Ermina Winifred Brown, 1933

In 1933, Ermina Winifred Brown, a graduate student at the University of Southern California, conducted a research study titled Changing Trends In Camp Programs: A Study Of Ten California Camps Of The Y.W. C. A., The Girl Scouts, And The Camp Fire Girls, in which ten summer camps were investigated to demonstrate “how the present camp [at the time]  program differs from that of earlier years, what it includes now, and how it may be improved for the future.”  Below are images taken from the document that contain important findings about arts and crafts programs at this time: 

“In some camps, the girls are no longer required to go to the hobby groups; they do go, however, because they enjoy it. The number of crafts is being increased to give a wider range of choices. Campers are free to change from one group to another.” (p.75)
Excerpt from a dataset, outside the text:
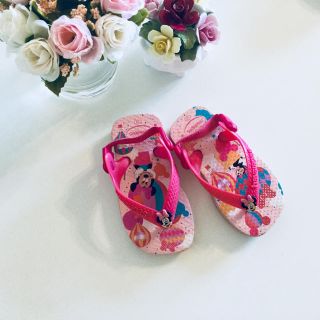 ハワイアナス(havaianas)のハワイアナス◇ミニー ベビー ビーチサンダル◇(サンダル)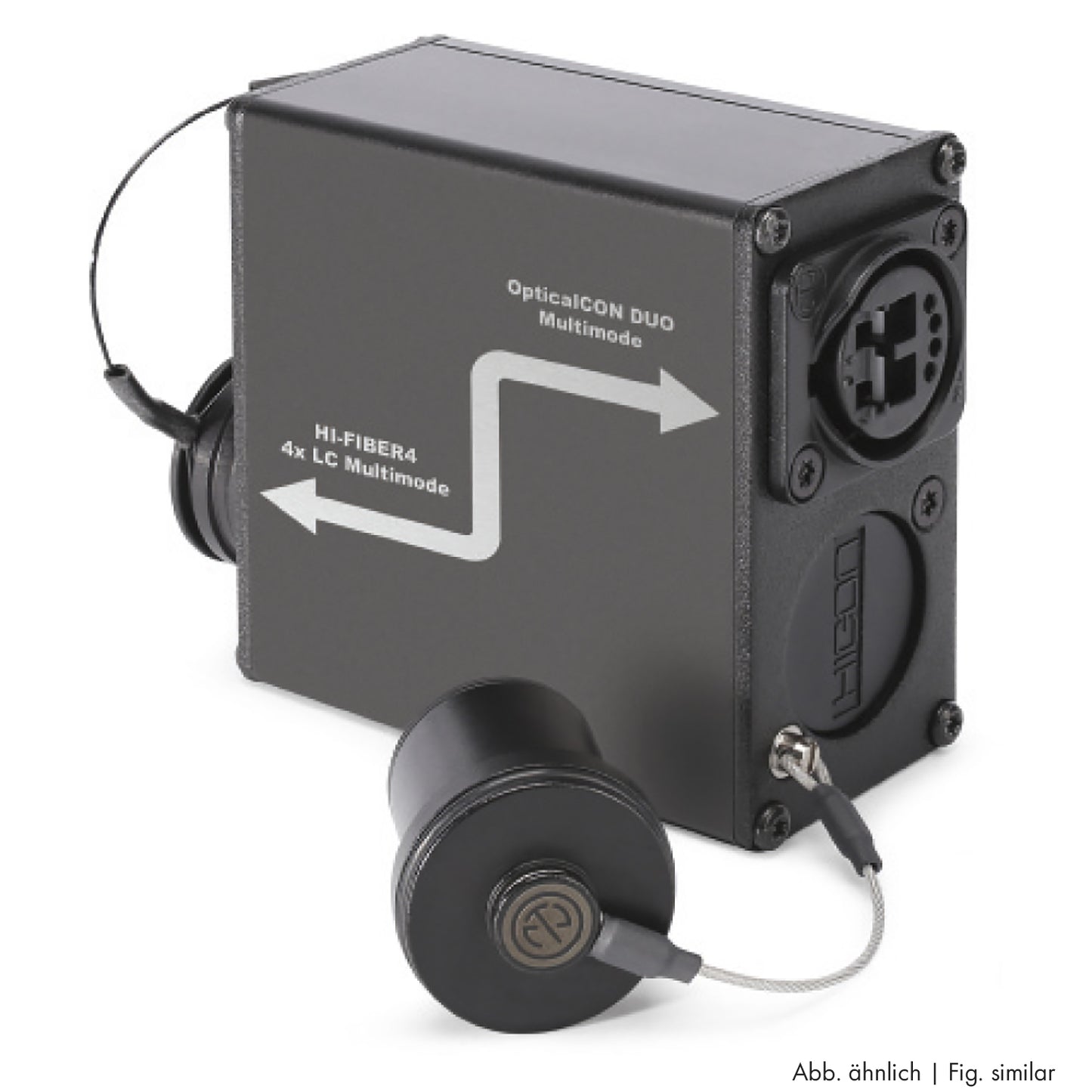 Adapter | fibre LENS QUAD/opticalCON® QUAD lizdas tiesi, pilkas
“Wasewagan has gone through several stages of development in the choice of activities. At first, every girl was required to attend all the crafts every day: handcraft, nature study and campcraft. In 1929 a "project system" was adopted whereby each girl chose a major project and two minor ones each week. The major took three days to complete, and the minors two. Handcraft, campcraft, nature study, or photography could be chosen as the major. The minors were chosen from: swimming, music, archery, dramatics and first aid. This system had the advantages of a larger number of activities to choose from, and a limit to the activities of any one girl as a guard against over-strain and over-fatigue. “ (p. 90-91)

 

Figure 1 (BELOW): Description of "Handicrafts" (Pages 119-120), Changing Trends In Camp Programs: A Study Of Ten California Camps Of The Y.W.C.A., The Girl Scouts, And The Camp Fire Girls (1933).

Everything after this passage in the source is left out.